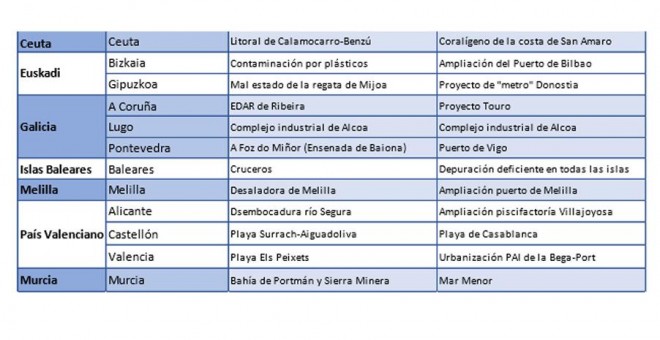 Gráfico de banderas negras de Ecologistas en Acción.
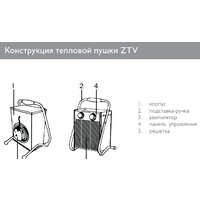 Электрическая тепловая пушка ZILON ZTV-15 - Превью изображения №2 — Интернет-магазин Your Sale
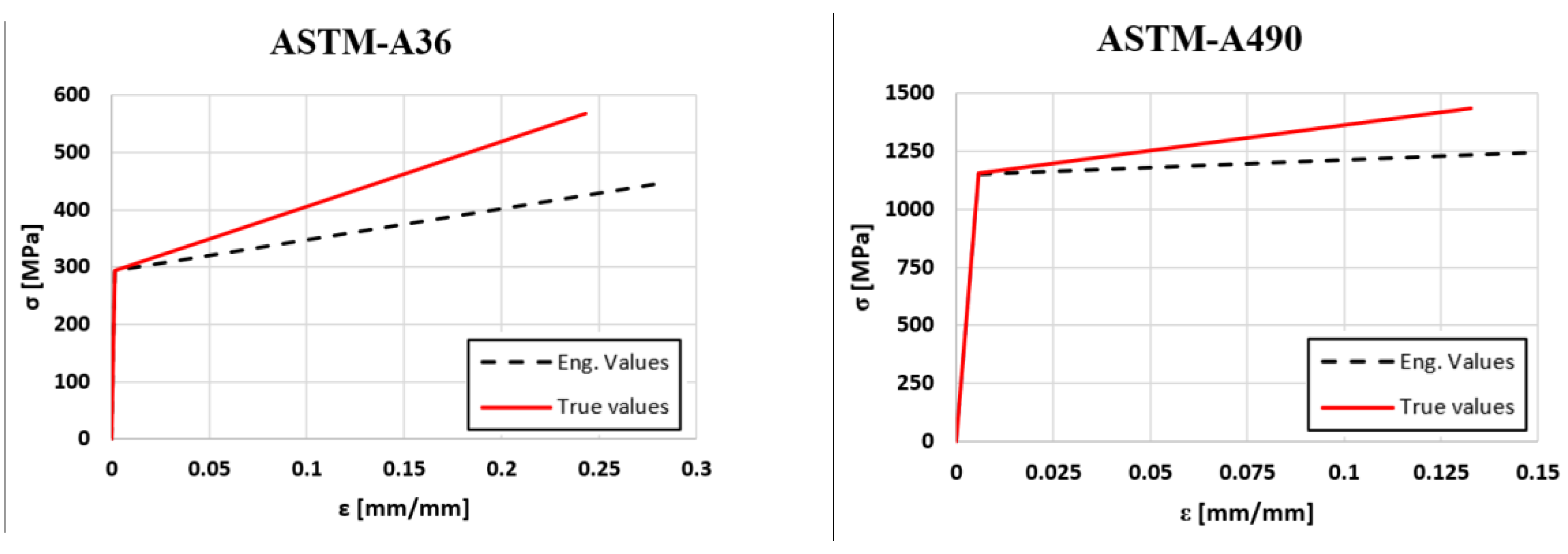Metals 10 00964 g005 Metals 10 00964 g005
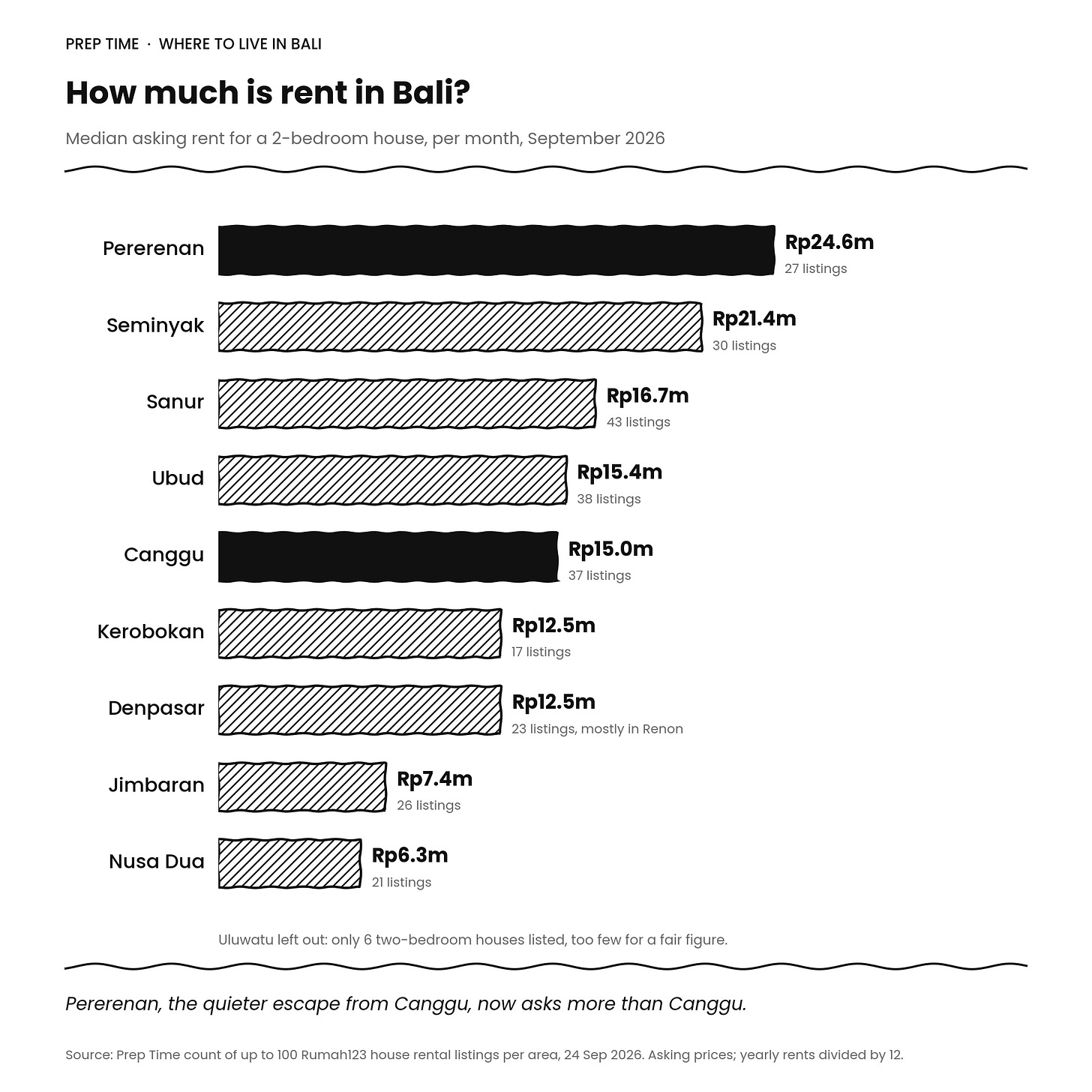 Bar chart of median asking rent for a 2-bedroom house in Bali by area, September 2026: Pererenan Rp24.6m a month, Seminyak Rp21.4m, Sanur Rp16.7m, Ubud Rp15.4m, Canggu Rp15.0m, Kerobokan Rp12.5m, Denpasar Rp12.5m, Jimbaran Rp7.4m and Nusa Dua Rp6.3m. Bar chart of median asking rent for a 2-bedroom house in Bali by area, September 2026: Pererenan Rp24.6m a month, Seminyak Rp21.4m, Sanur Rp16.7m, Ubud Rp15.4m, Canggu Rp15.0m, Kerobokan Rp12.5m, Denpasar Rp12.5m, Jimbaran Rp7.4m and Nusa Dua Rp6.3m.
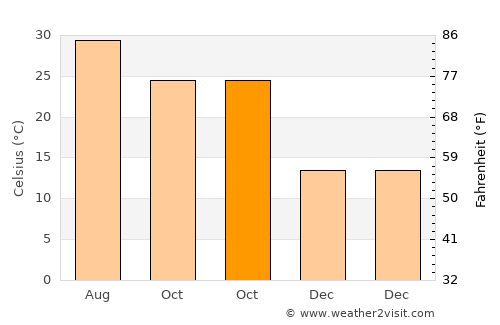 Garhshankar average temperature in October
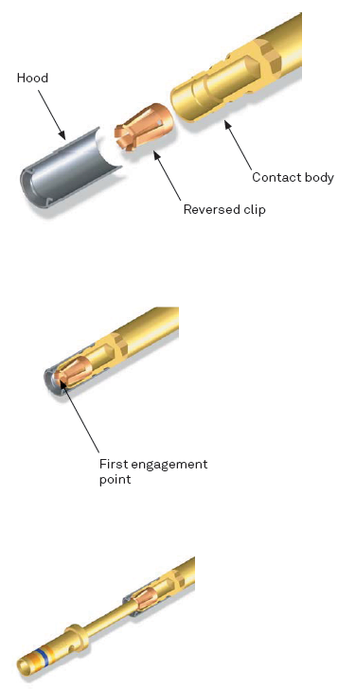 PRECI-DIP CONTACTS1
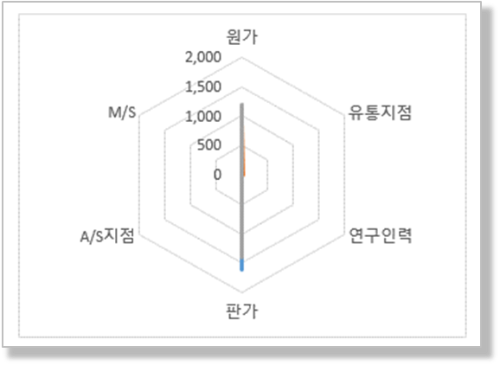 방사형 차트 - 데이터 크기 차이로 왜곡되는 차트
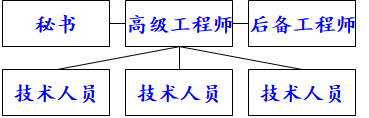 image-20211221110149609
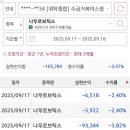 (주)에스피라인
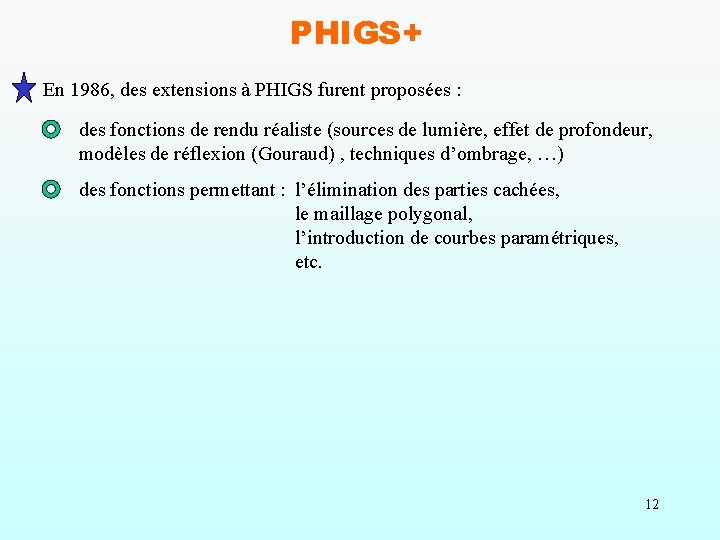 PHIGS+ En 1986, des extensions à PHIGS furent proposées : des fonctions de rendu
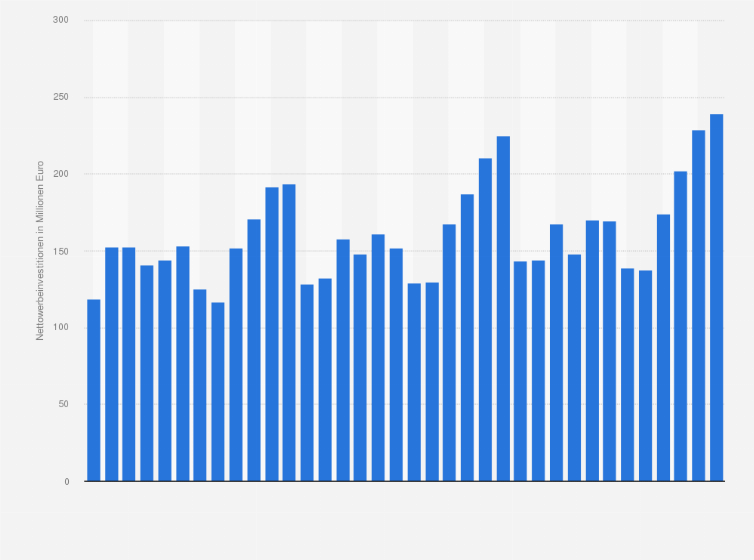 Statistik: Monatliche Entwicklung der Nettoinvestitionen in digitale Werbung (Online und Mobile) in Deutschland von Januar 2016 bis Dezember 2018 (in Millionen Euro)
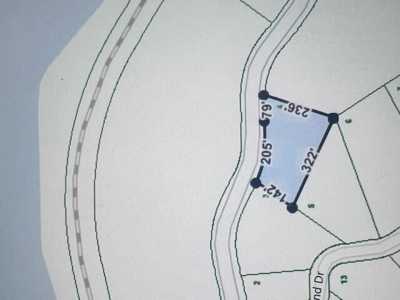 Residential Land For Sale in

------------------------------------------------------------

• Task description:
Nothing but the lines from the line with "Statistik: Monatliche Entwicklung" through the last line of the listing above should be repeated, and pictures should be left out.

• Task result:
 Statistik: Monatliche Entwicklung der Nettoinvestitionen in digitale Werbung (Online und Mobile) in Deutschland von Januar 2016 bis Dezember 2018 (in Millionen Euro)
 Residential Land For Sale in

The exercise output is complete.